Friday, October 1, 2010

Big Plans

From small to large public transportation systems, recent announcements are reminiscent of the Daniel Burnham quote, “Make no little plans; they have no magic to stir men's blood.... Make big plans... aim high in hope and work.”

Last night, the PBS NewsHour profiled rural transit in Natchez, Miss., and the plans to build a better system that will attract many more riders. Charles Carr, director of transit services, Mississippi Department of Transportation and President of the Community Transportation Association of America (CTAA) was asked to respond to arguments that subsidies are required to fund public transit. Carr replied that subsidies are used for rail and air travel as well as roads.

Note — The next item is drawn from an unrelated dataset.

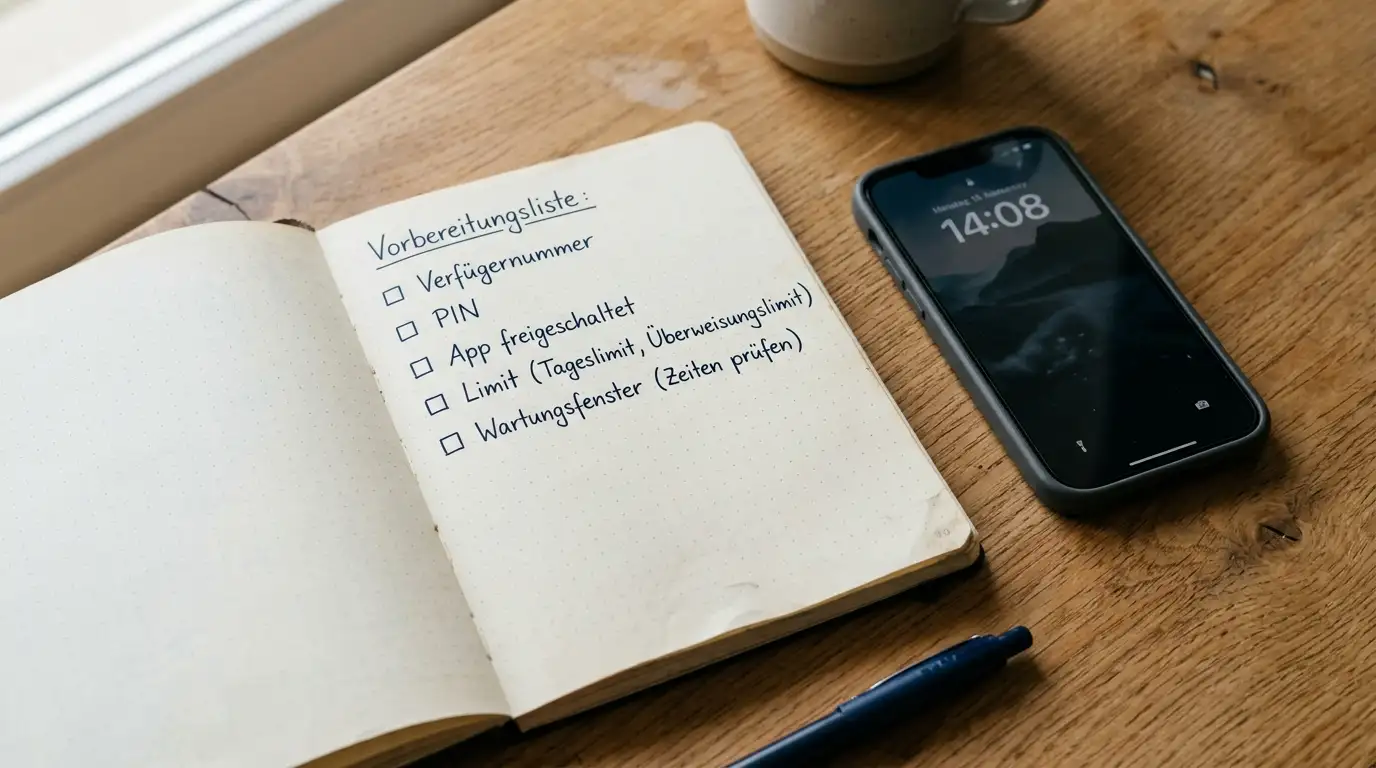 Aufgeschlagenes Notizbuch mit handschriftlicher Banking-Vorbereitungs-Liste neben einem Smartphone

Natchez Transit's director, Sabrina Bartley, plans to expand service to underserved areas, start fixed-route service, and coordinate service in 13 counties.

A Bos-Wash Dream

On the other side of the spectrum, a large sytem, Amtrak, declares its plans for high-speed service along the Northeast Corridor (NEC). None other than the Secretary of Transportation praised the unprecedented regional partnership in his blog post this morning. The NEC plan envisions trips from Washington to Boston in 3 hours and 23 minutes (compared to the current 8 hours on Amtrak's Northeast Regional trains or 6 hours and 37 minutes on Acela Express), with 220 mile-per-hour service between the major cities along the corridor. More information is available from the Potomac Express and from the Philadelphia Enquirer at

What's the common denominators for implementation of ambitious plans in the rural Natchez area and the states and cities along the NEC? Champions will be needed to persist in seeing the plans through and coordination at the county, state and regional levels.

Economic Message

The message that many see in ambitious public transportation plans is the creation of jobs, increasing employment within transit systems and in the communities that it serves.

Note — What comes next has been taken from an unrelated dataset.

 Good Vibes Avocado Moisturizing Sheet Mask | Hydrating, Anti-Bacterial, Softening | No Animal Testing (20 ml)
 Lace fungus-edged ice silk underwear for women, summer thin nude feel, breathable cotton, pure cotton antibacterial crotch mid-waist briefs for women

The Natchez Transit director speaks of attracting business. Employers, she says, are always interested in whether their employees can get to work. For Amtrak and those supporting the NEC plan, there are estimates that thousands of jobs could be created. Amtrak's president, Joseph Boardman, says that the new high-speed rail corridor's bridges, tunnels, and stations "would create 40,000 full-time jobs per year over 25 years" and planners estimate 120,000 new permanent jobs would result from improved economic productivity along the corridor.

Green Jobs

Ambitious plans are not limited to local and intercity transportation. According to the National Association of Regional Councils (NARC), a green economy incorporates transit and coordination among regional sectors. In its discussion of green jobs in a letter to the Department of Labor, NARC points out the Kansas City regional plan. (The Department of Labor definition of
green jobs contemplates public transit.)

Mid-America Regional Council (MARC) is the multi-faceted regional planning organization representing the Kansas City bi-state region (Missouri and Kansas). MARC is a leader in developing Kansas City’s Green Impact Zone, an effort to concentrate resources — with funding, coordination, and public and private partnerships — in one specific area to demonstrate that a targeted effort can literally transform a community. This national model for place-based investment is now underway in the heart of Kansas City's urban core and has received significant federal recognition and funding. At the heart of the Green Impact Zone initiative is a project that would put area residents to work weatherizing the 2,500 homes in the zone’s neighborhoods. Another piece calls for development of a green bus rapid-transit system that would include bio-diesel buses and green bus shelters. A third piece would provide job training and employment programs for ex-parolees in green building, park restoration and transit work. The Green Impact Zone project will include an employment and training program coordinated both with zone activities and business interests outside of the zone.


To encourage the use of commuter transit and keep it on par with driving, the American Public Transportation Association (APTA) is urging its members to contact Congress to extend the commuter tax benefit for transit riders. APTA writes in its legislative update,
Under ARRA, the transit/vanpool portion of the benefit was increased to $230 per month, treating each mode of transportation as equal. This provision is set to expire on December 31, 2010, and without an extension, the transit tax benefit would be reduced by more than half to the previous $120 per month amount.

APTA is asking Congress to either extend ARRA's higher commuter tax benefit or to "permanently equalize the transit benefit and parking benefit."